• Exercise: From the line containing "Spooky zombie man" down to the line containing "A ladies' heart", copy out the entries below exactly, both lines included, and nothing else; pictures do not belong in the copy.

• Input material:

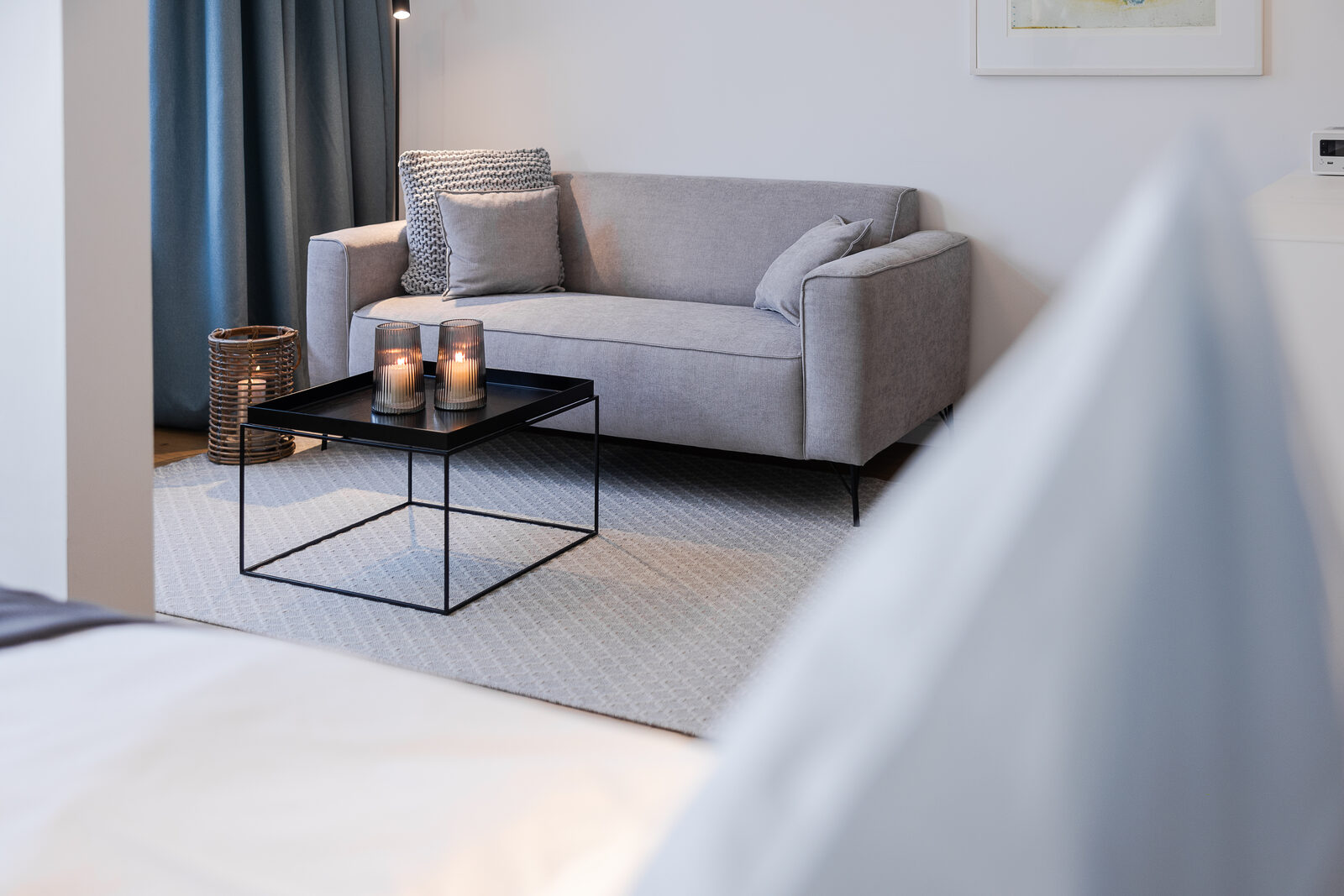 Blick vom Bett auf das Sofa mit Kerzenlicht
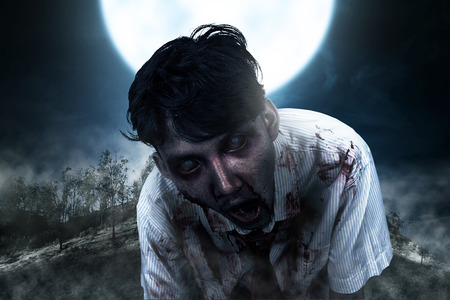 Spooky zombie man with blood hang around on the midnight. Halloween conceptの写真素材
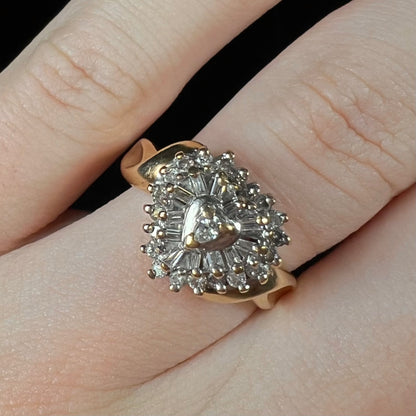 A ladies' heart shaped diamond cluster ring.  The ring is set with pear shaped, baguette cut, and round diamonds.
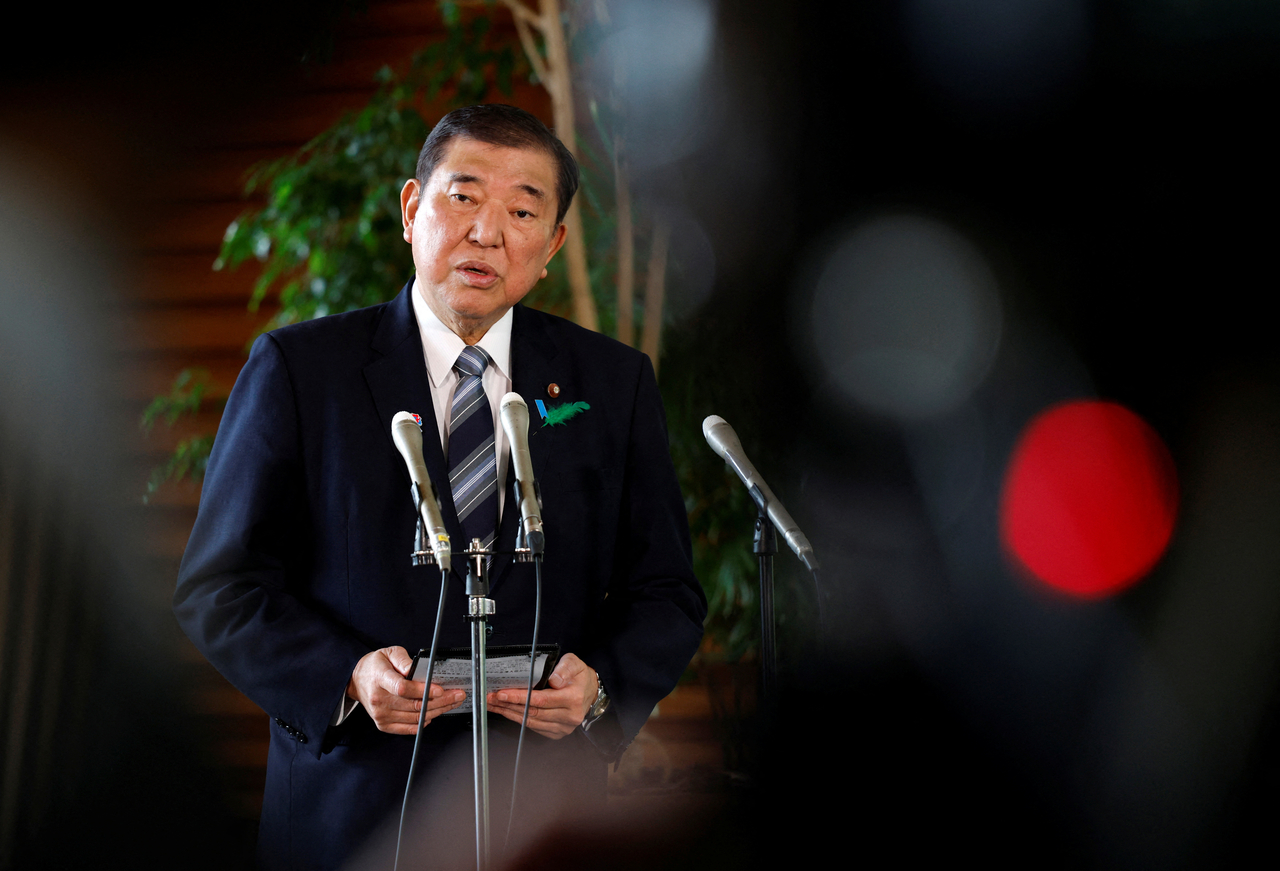 Japanese Prime Minister Shigeru Ishiba reacts as he speaks to reporters after a Japanese negotiator held ministerial talks at the White House regarding US tariffs, at the prime minister?s official residence in Tokyo, Japan, on April 17. (Reuters)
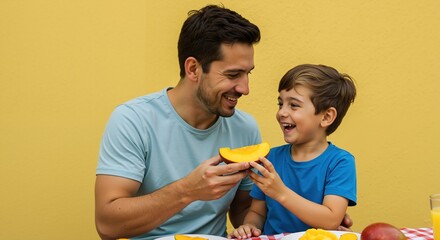 Caucasian father and son sharing yellow melon slice on yellow background. Man in light blue shirt feeding child fresh fruit. Family nutrition and healthy eating concept. Organic food sale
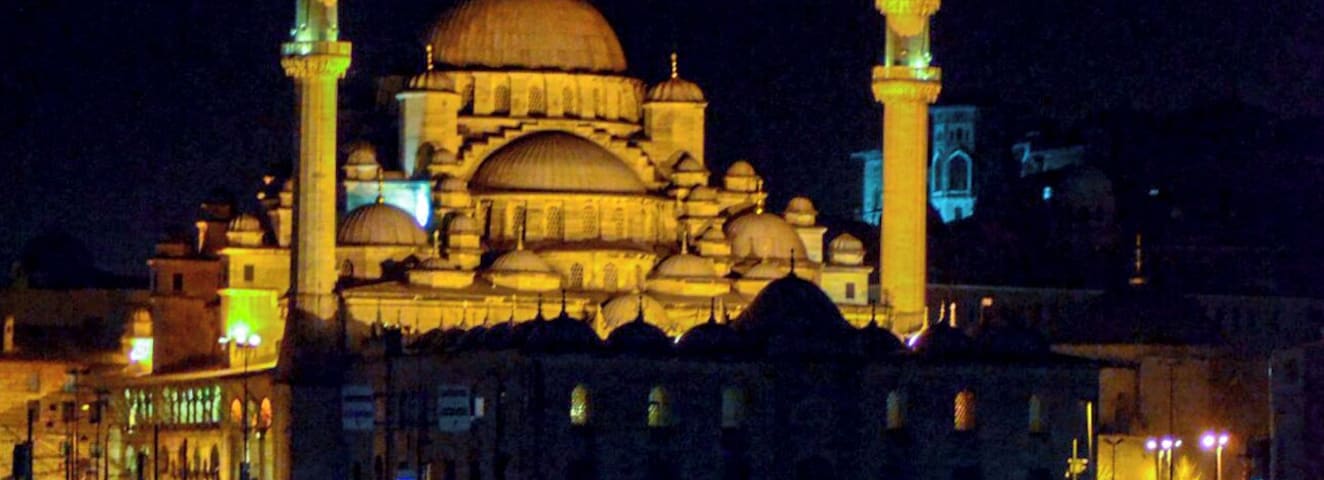 Uma mesquita com duas minaretes e uma cúpula grande, iluminada à noite.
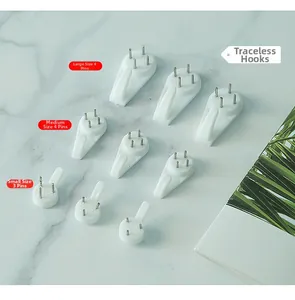 Detailed view of various invisible nail hooks in different sizes for wall mounting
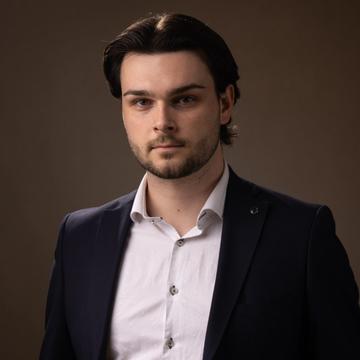 Matej has medium-length dark hair. He is wearing a white shirt and dark blazer. 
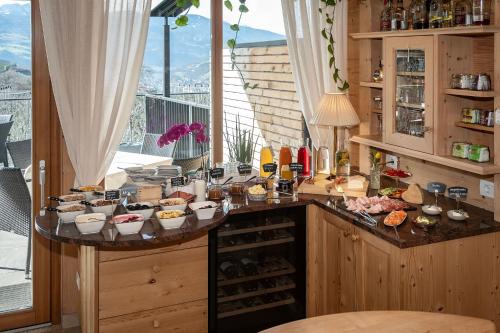 a kitchen with a bunch of food on a counter at Tirolerhof Pension in Naz-Sciaves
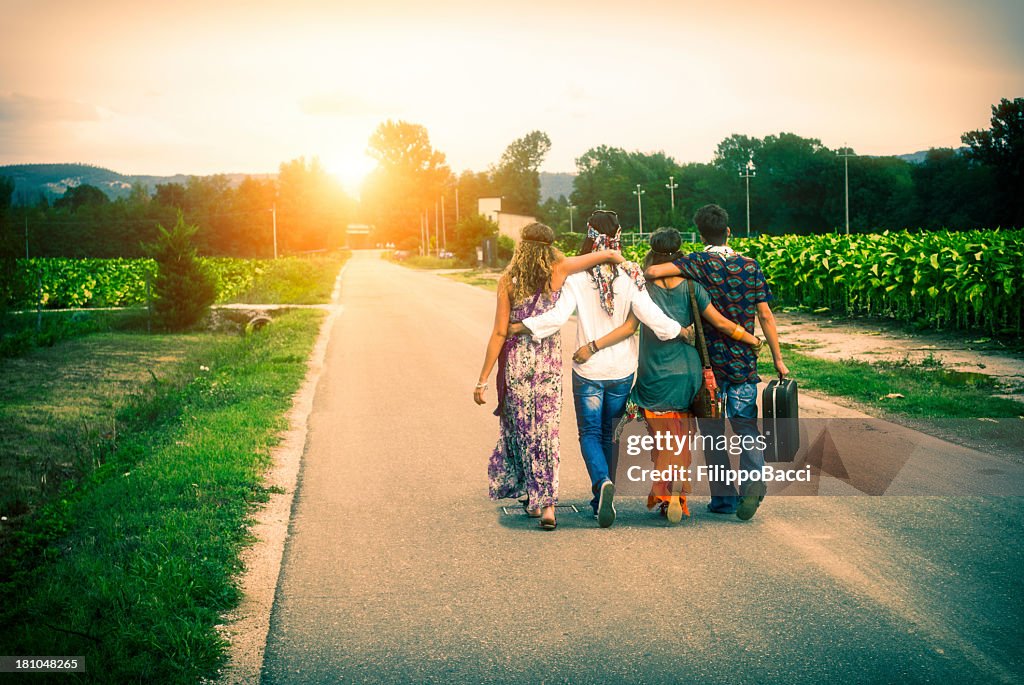 4 つの若い大人 hippie の友人を歩く田園風景とサンセット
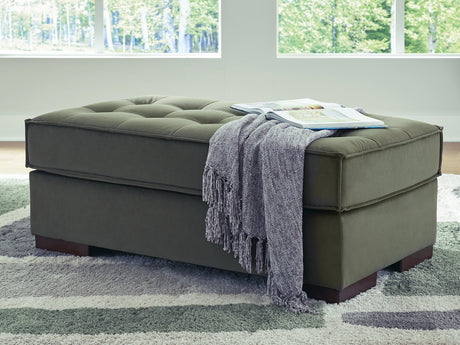Caspian-Town oversized accent ottoman by Signature Design by Ashley with a plush fabric cover and sturdy wooden legs.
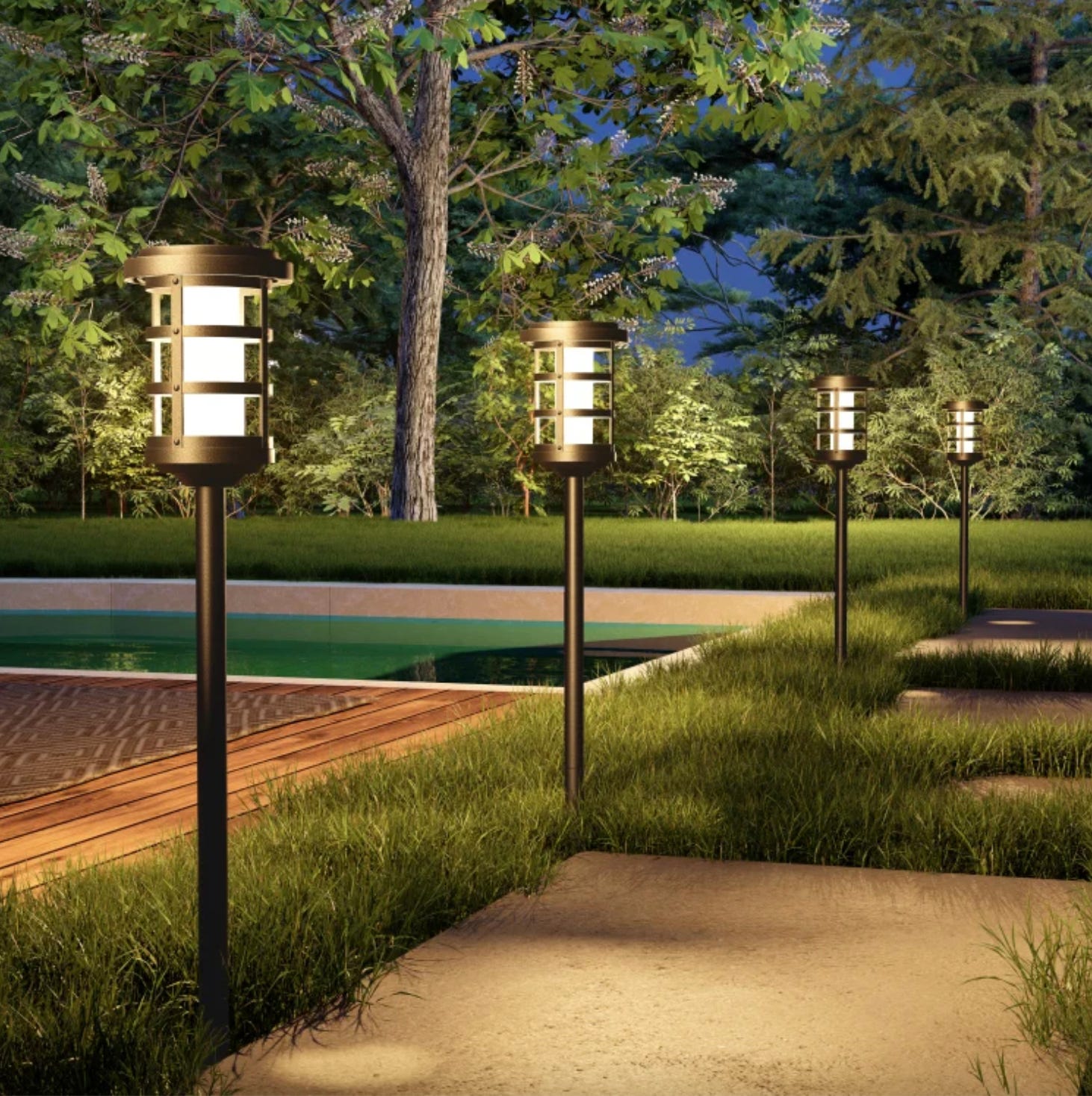 Outdoor pathway lights with a modern design, installed along a path near a pool in a garden setting at dusk.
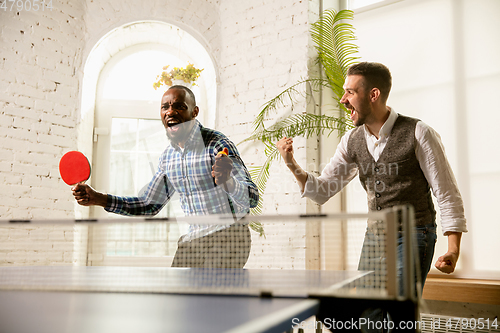 Image of Young men playing table tennis in workplace, having fun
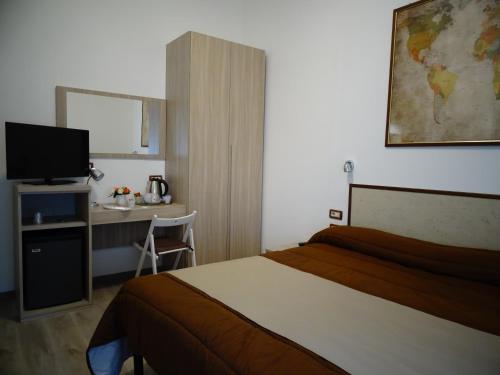 Katil atau katil-katil dalam bilik di Hotel La Torre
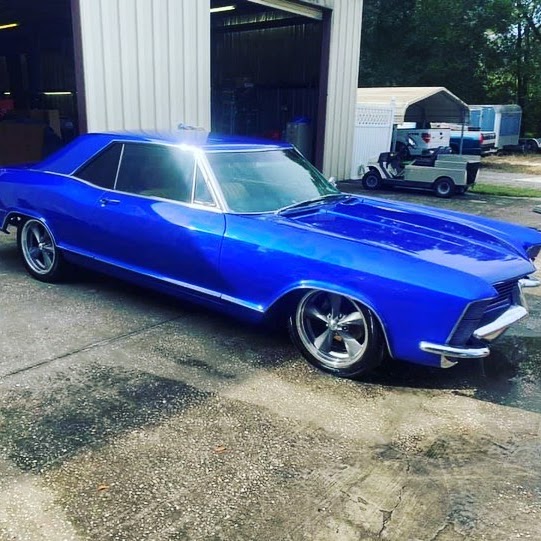Electric blue classic Buick Riviera with show shine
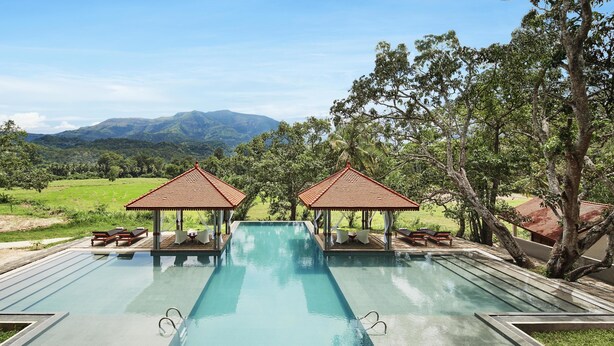 A swimming pool with two gazebos, lounge chairs, and a view of mountains. - Jetwing Kaduruketha (Wellawaya)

• Exercise answer:
 Spooky zombie man with blood hang around on the midnight. Halloween conceptの写真素材
 A ladies' heart shaped diamond cluster ring.  The ring is set with pear shaped, baguette cut, and round diamonds.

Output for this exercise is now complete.